Immediately I called him on work and he came...saw the bfp, took me to the hospital to confirm it, made my first appointment and went back to work lol.
He's been showering me with royal treatment ever since and even bought me a gift Just Because. :cloud9:


----------



## Shey

Congrats mami!


----------



## lesh07

Congrats hunni. Xx


----------



## Forrest

thanks ladies. Now it's scary after a mc because I'm worried about loosing this pregnancy too. Have you had af symptoms when you got your bfp? When did it stop?


----------



## bumski

massive massive congratulations to you, reading stories like this brings a tear to my eye because i understand how hard the last few years must have been for you. enjoy every minute hun xxx


----------



## Taniablack

Wow, congratulations!


----------



## angel2010

Congrats!!!


----------



## greeneyes0279

Congrats!


----------



## junebaby08

this is awesome!!! so happy for you!!! congrats


----------



## Forrest

Thanks gals. I am so shocked that I though it was all a dream until I saw my pregnancy tests (which I have in zip lock on my dresser) lol I'm so happy. Another amazing thing is that someone offered me to go to a 'witch doctor ' for the lack of words........ to get "help " becoming pregnant. However, my response was -
I don't want a child from the devil.

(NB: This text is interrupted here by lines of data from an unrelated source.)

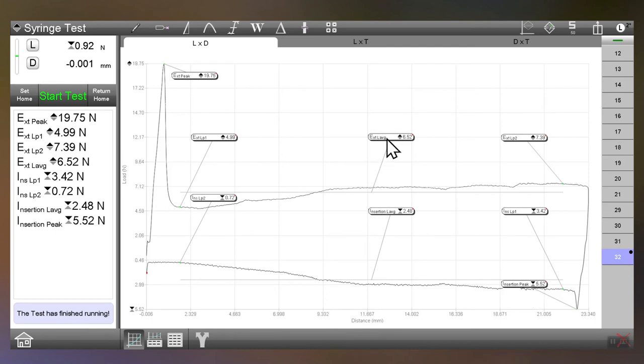Basically this is the extraction average. So I picked two points here. Did the average line as you can see going through.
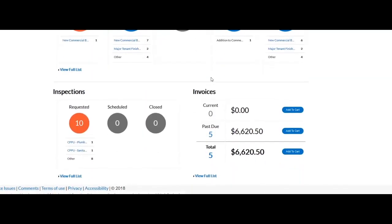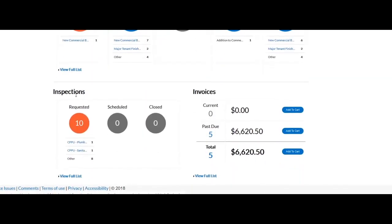The dashboard categorizes your inspection requests by those requested, scheduled, and closed.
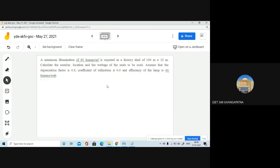You try this next problem. A minimum illumination of 80 lumens per meter square is required in a factory shed. The area of the factory shed is 100 meters by 10 meters. Calculate the number of lamps, their location, and the wattages of the units to be used.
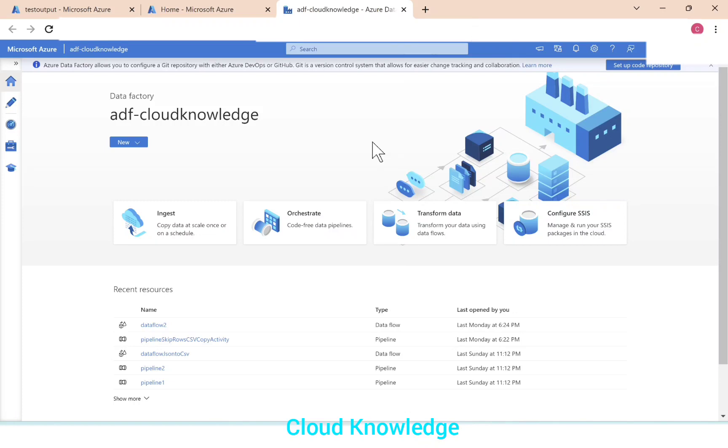Hello to all. Welcome to the channel Cloud Knowledge. Today in this video, we'll study about reading data from REST API and then writing it into Azure storage account.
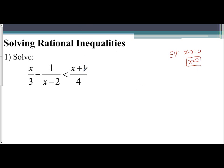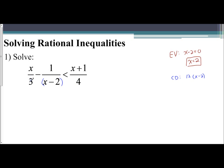Next, to solve, treat it like it's an equation. We always find a common denominator first and multiply through by that. Looking at the fractions, x minus two is a factor in one denominator but not the others, so I'll need to multiply through by that factor. The constants are three and four, and the least common multiple of three and four is 12. So I'm going to multiply both sides of the inequality by 12 times the quantity x minus two.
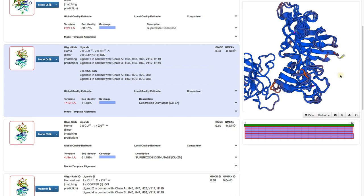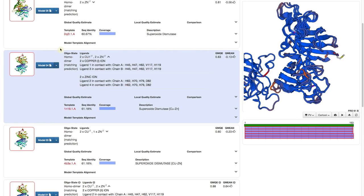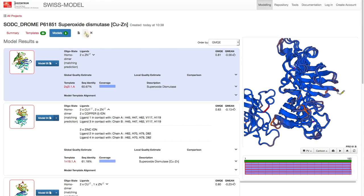We already know that we are not interested in this model. Otherwise, we should go to the template and investigate it further. Also, once you have finished, don't forget to download your models.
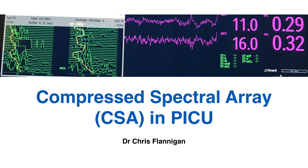I want to talk about Compressed Spectral Array, or CSA, and its use in paediatric intensive care. We recently got a CSA module for use in our intensive care unit, and in this talk I want to cover how it's used, how to interpret it, how to set it up, and the monitoring that should be done while you're on CSA.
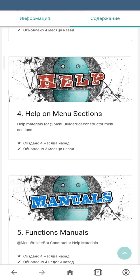Section number 4 is Help on Menu Sections. This section contains help materials on the constructor's menu. If you don't know the meaning of some button, you can always come here and get an explanation. Besides that, every menu will eventually have a link to this section to make it more convenient.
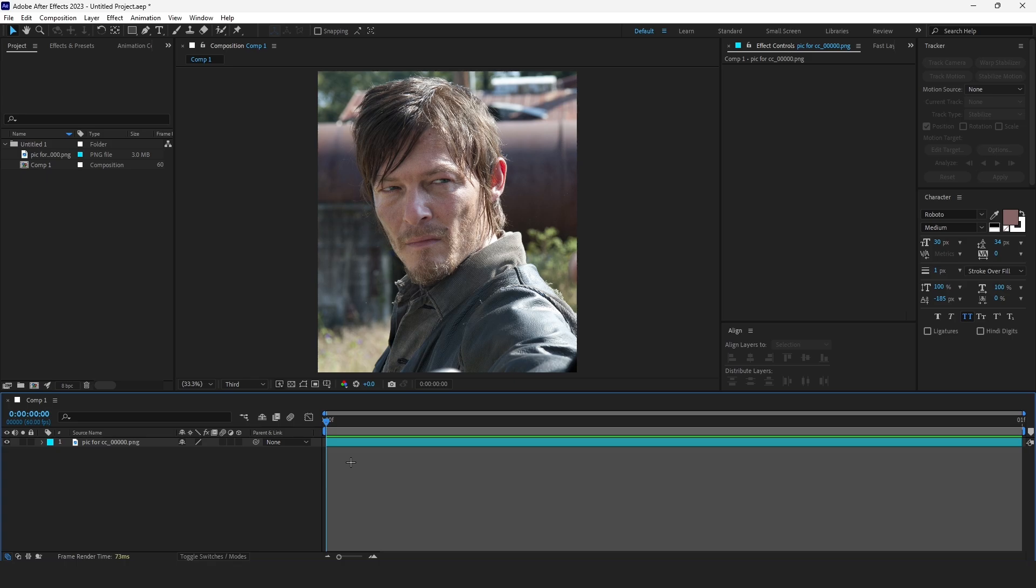What's up everyone, today I'm going to teach you how to make CC like Richie. If you know Richie, you know that he has good CC and 4K CC. So today I'm going to do that.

I serve THE ALMIGHTY GOD. HE IS ALL POWERFUL, HE created it ALL by HIMSELF and nothing is too hard for HIM to do.!!!! I leave it in the hands of GOD. So I no longer have that friend but I'm glad I didn't go and dabble in witchcraft etc.
Even though I was hurting I just had to trust GOD and wait upon HIM. Sometimes we are tested and tried before we can be rewarded /blessed :)


----------



## Forrest

bumski said:


> massive massive congratulations to you, reading stories like this brings a tear to my eye because i understand how hard the last few years must have been for you. enjoy every minute hun xxx

Thanks bumski, I'm enjoying but at the same time I'm worried and I think I'll do my happy dance at 7months! Lol just kidding. 
I see you've been through a lot too. So happy for you.:flower:

By the way ........your dog is adorable :)


----------



## CharCharxxx

So happy for you, enjoy it hun congratulations! Xxx


----------



## bumski

Forrest said:


> bumski said:
> 
> 
> massive massive congratulations to you, reading stories like this brings a tear to my eye because i understand how hard the last few years must have been for you. enjoy every minute hun xxx
> 
> Thanks bumski, I'm enjoying but at the same time I'm worried and I think I'll do my happy dance at 7months! Lol just kidding.
> I see you've been through a lot too. So happy for you.:flower:
> 
> By the way ........your dog is adorable :)Click to expand...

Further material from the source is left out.